By Bob Weaver

The annual Calhoun Writer's Guild retreat was held this past weekend along the banks of the Middle Fork River, the border of Upshur and Randolph Counties. The group had exercises in writing about moments of clarity, turning points, life changing events, or just selecting random words from a dictionary.

The campfire setting along the beautiful river, owned by Kitty and Jeannie Wilson of Grantsville, has been the site for writer's retreats for several years.

Along the Middle Fork at dusk

The three day event was interrupted by several delicious meals, a wiener roast and a few rain showers.

Writing around the campfire

Former GSC english professor Barbara Tedford, now enjoying "glorious retirement" in Elkins, is still a prolific writer, which includes editing and publishing newsletters

Calhoun's most renown writer Jeannie Wilson is working on a novel "The Crow Flies Backward." Wilson has written and published many short stories and poems, some of which she has received special recognition.
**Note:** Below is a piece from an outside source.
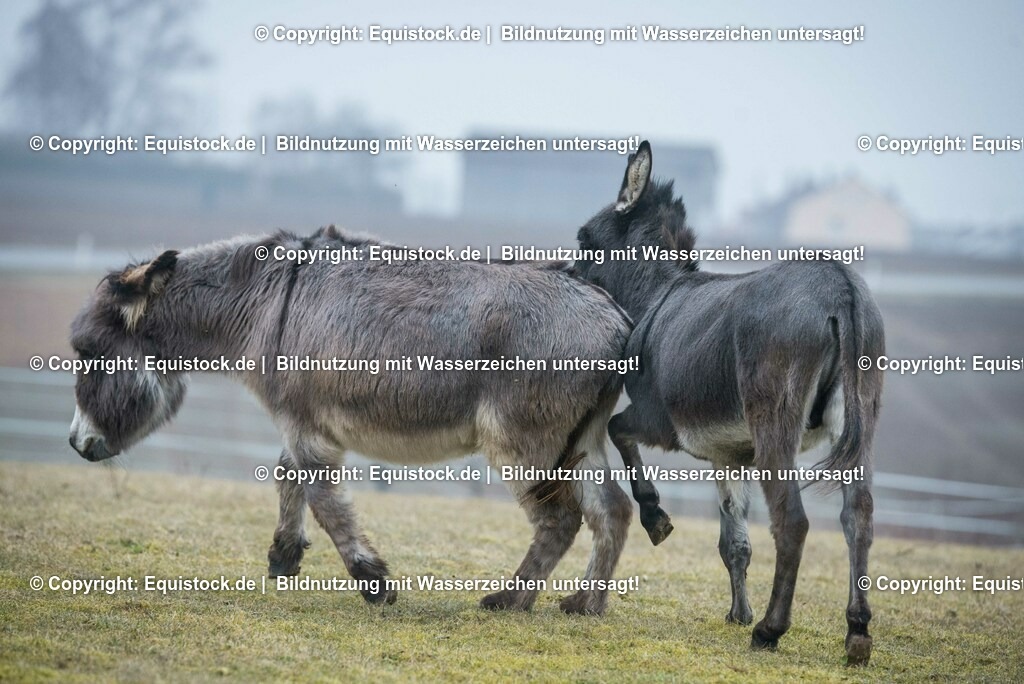 20150217_Esel_0008 | equistock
Sarah Hotchkiss (L) of Beech is an avid writer who contributes to the tone of the writer's group, more recently spending time creating fiber and fabric artwork. Cynthia Wildfire (R), participated in the retreat. She is the daughter of Mary Wildfire , the counties best known environmental activist, shares creative stories she has written, but many of her comment and opinion pieces have been published by newspapers and magazines around the country. Mary, besides concerns about mountain top removal and how it affects the lives of southern West Virginia residents, traveled to Seattle to protest WTO globalization, in this case joined by organized labor.

Wheeling resident and West Virginia traveler, Jim Mullooly, who has been researching and portraying the "Padre of the Mountains" Father Thomas Quirk, is planning on writing a book about the priest who was a Civil War soldier and resident of Huntington, but spent most of his life on a horse ministering to his scattered parishioners in Lewis, Braxton and other counties in the late 19th and early 20th century.

Faye Thompson (L) of Ripley is the new president of the West Virginia writers group. While she writes romance stories for "Woman's World" and other magazines, she remains a prolific writer on other subjects. Gilmer County resident (R) Harriett Whipkey, the former editor of Mountain Views, has edited other publications and continues to write Gilmer County stories.